Tommy didn’t notice anything wrong. He ran toward the orc, who took slow, shambling steps forward, reaching for the boy.
“Tommy, stop,” Rachael shouted as she dashed after him, pulling her sword from the scabbard attached to her backpack. “He’s a . . . he’s a Bad Thing!”
Tommy faltered as he heard his own words echoed back, but he was already too close to the orc that was once his friend. It lunged at him, strong hands clenching around his arm. The sound of Tommy’s horrified screams turned Rachael’s stomach to lead and spurred her forward even faster.
Rachael raised her sword. It was an exact and functional replica of the Elven sword used by Arwen in the Lord of the Rings movies. The blade was made from exceptional steel and as Rachael aimed for the temple she prayed her aim was true. The blade glinted in the sunlight, sparks of light playing along the razor-sharp edge as Rachael brought it down, embedding it in the orc’s forehead. The thing stumbled backward, pulling both Rachael and Tommy with it, its hungry moan filling the air as it opened its mouth and leaned down toward the boy. Tommy screamed again, struggling frantically to escape the orc’s grasp. With the strength born of terror, he managed to pull free, running back to Alice.
With Tommy safely out of the way, Rachael stabbed up with her dagger into the back of the orc’s skull. It resisted, hard bone fighting the sharp blade, but Rachael let go of the sword to grasp the dagger’s hilt in both hands, pushing up with all her strength.

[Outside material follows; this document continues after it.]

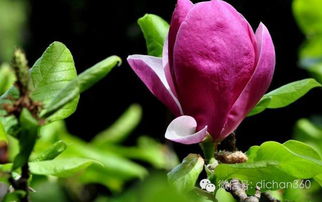 绿城集团园林软景苗木图谱 全套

The orc crumpled to the ground.
Rachael closed her eyes, crouching down and taking deep breaths to steady her heartbeat and her adrenaline. She still wasn’t sure she’d ever get used to this life. She had only ever lived her life being a hero in make-believe.
Being one in real life was much more stressful.
A crack of a branch to her left, the rustle of leaves to her right, and Rachael grabbed her dagger, pulling it from the back of the Apple Man’s head with a hard tug. She retrieved her sword as a figure darted through the trees, faster than any orc she’d seen. Another shape followed, and she dropped into a fighting stance, ready to leap forward and strike.
“Don’t move,” a voice behind her threatened, and she froze, feeling the barrel of a gun press against her upper back.
— 7 —
THE SOLDIER AND THE DOG
Baskerville plowed the road, slamming into zombies with his massive armored body and then twisting to force the short, razor-sharp blades on his shoulders to slice through leg tendons. I drew my katana and followed, slashing at the falling bodies, taking off arms and heads.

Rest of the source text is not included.